What exactly does code optimization mean

Compiler construction draft - code optimization

should not only save the CPU cycles, but can be used on any processor.

Machine-dependent optimization

Machine-dependent optimization is performed after the target code has been generated and when the code is transformed according to the target machine architecture. It is about CPU registers and can have absolute memory references, not relative references. Machine-dependent optimizers make efforts to take maximum advantage of the storage hierarchy.

Base blocks

Source codes generally have a number of instructions that are always executed in order and are considered to be the basic blocks of code. These basic blocks have no jump instructions between them, that is, when the first instruction is executed, all instructions in the same basic block are lost in the order of their appearance without the flow control being executed by the program.

A program can have various constructs as basic blocks, such as IF-THEN-ELSE, SWITCH-CASE conditional statements and loops such as DO-WHILE, FOR, and REPEAT-UNTIL etc.

Basic block identification

We can use the following algorithm to find the basic blocks in a program:

  • Search header statements of all basic blocks from where a basic block begins:

    • First instruction from a program.
    • Statement that is the target of any branch (conditional / unconditional).
    • Statements that obey some branch statement.
  • The invoice header as well as the invoice following them form the basic block.

  • A basic block does not contain a header statement of another basic block.

Basic blocks are important concepts from both code generation and optimization point of view.

Basic blocks play an important role in identifying variables that are used more than once in a basic block. If a variable is to be used more than once, the register memory allocated to that variable need not be emptied when the block finishes executing.

Control flow graphs

Basic blocks in a program are represented using control flow diagrams. A control flow graph shows how program control is passed under the blocks. It is a useful tool that helps in optimization by helping locating unwanted loops in the program.

Circle optimization

Most of the programs run in a loop in the system. It becomes necessary to optimize the loops in order to save the CPU cycles and memory. Loops can be optimized using the following techniques:

  • immutable code : A fragment of code that is in the loop and computes the same value on each iteration is called a loop-invariant code. This code can be moved out of the loop by moving it to only be computed once and not every iteration.

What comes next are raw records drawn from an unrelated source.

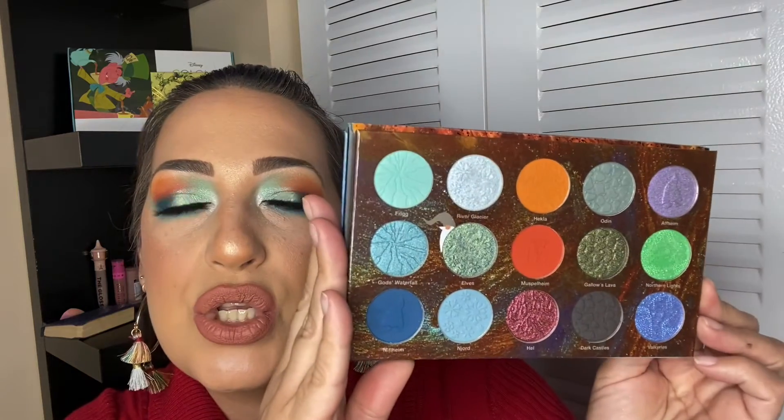Hello my divas, welcome back to my channel! As you may see from the thumbnail I created, I love this look I have going on today. It's just what I had in mind to do with this gorgeous palette from Nomad Cosmetics. It's called the Iceland Fire and Ice, inspired by this beautiful country that I hope to visit at least once in my lifetime.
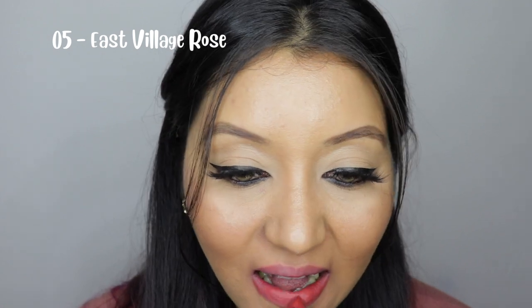The fifth one is East Village Rose, which is a nice warm rose color.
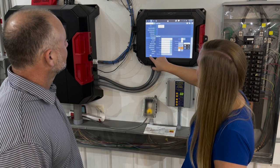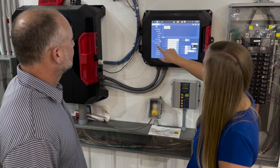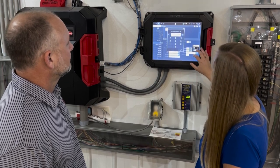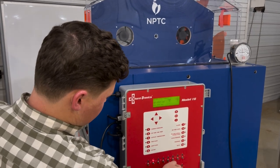We have a lot of savvy growers that are early adopters of technology. Approximately 80% or more of the houses across the U.S. have environmental controllers, so that takes all the data in and we're able to make decisions on that data. We've got a variety of tools that we use to take data so that we can make decisions.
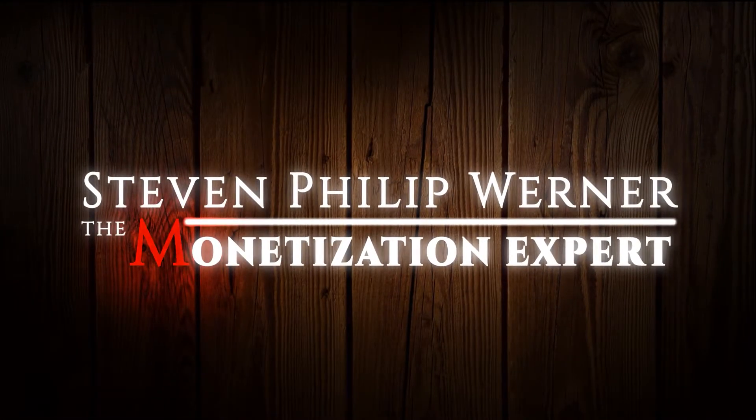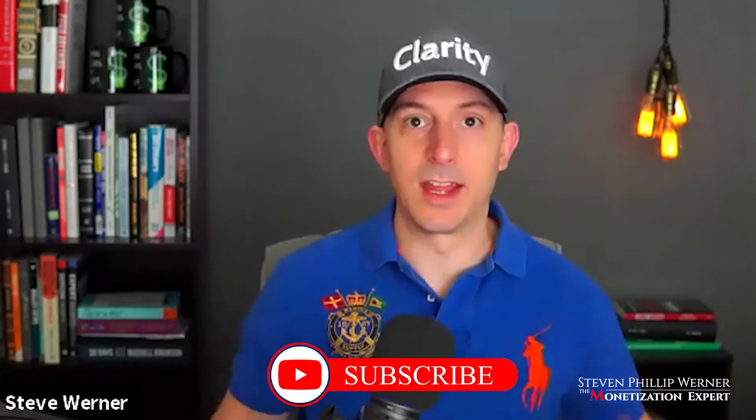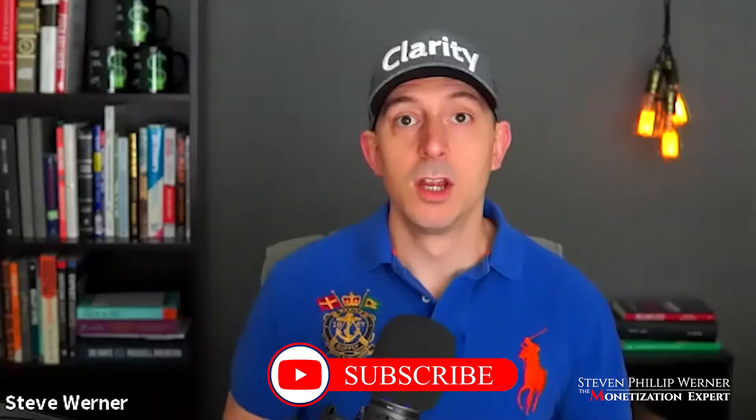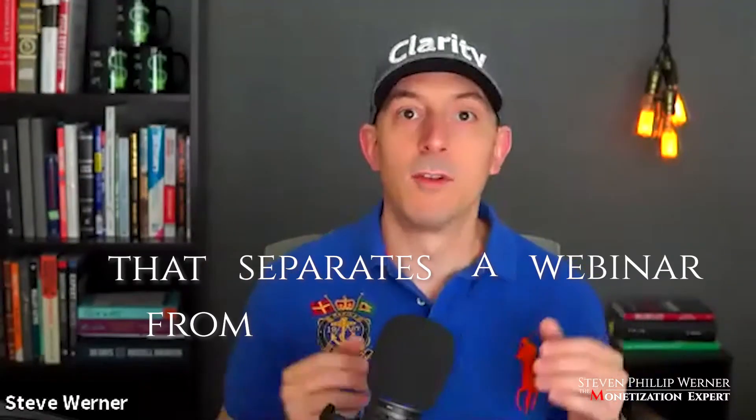How do you give a webinar presentation that gets conversions? Surprise — it has nothing to do with your deck. One of the questions I get quite a bit is how do I build a webinar deck that gets conversions. Your deck doesn't have nearly as much to do with conversion as the way you present. The biggest strength of being on a webinar is being live — you're in front of people, building rapport, and people get to hear your passion.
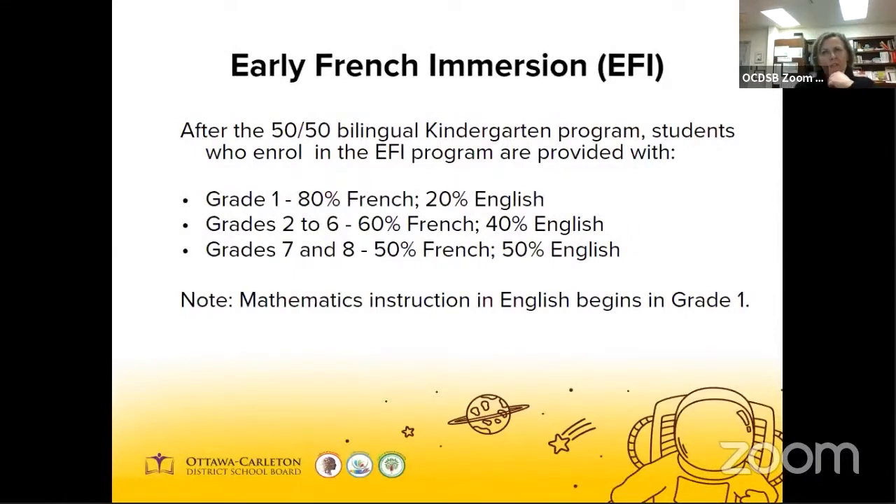The Early French Immersion or EFI program begins in grade one. The language of instruction is French for all but math, which is taught in English. Math is taught on a daily basis for an hour. In grades two to six, students have all subjects taught in French, with the exception of English and math, which are taught in English — comprising two hours a day. Once students graduate from Robert Bateman, they move on to a grade seven and eight program where the programming switches to a 50-50 split of instruction in French and English. Students who successfully complete the EFI program and later enroll in a secondary level program meeting the requirements to obtain the OCDSB Extended French or French Immersion certificate are expected to be able to communicate with ease and feel comfortable in either language in the community, and also accept employment, training or further education in either language.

  • Induction analysis: A variable is called an induction variable if its value is changed inside the loop by a loop invariable value

  • Strength reduction: There are expressions that use more CPU cycles that consume time and memory. These expressions should be substituted for cheaper expressions without the output of the expression. For example, multiplication (x * 2) is more expensive in terms of CPU cycles than (x << 1) and gives the same result.

Dead-Code Elimination

Dead code is one or more than one code statements that are there:

  • Either never executed or unavailable,
  • Or if executed, its output is never used.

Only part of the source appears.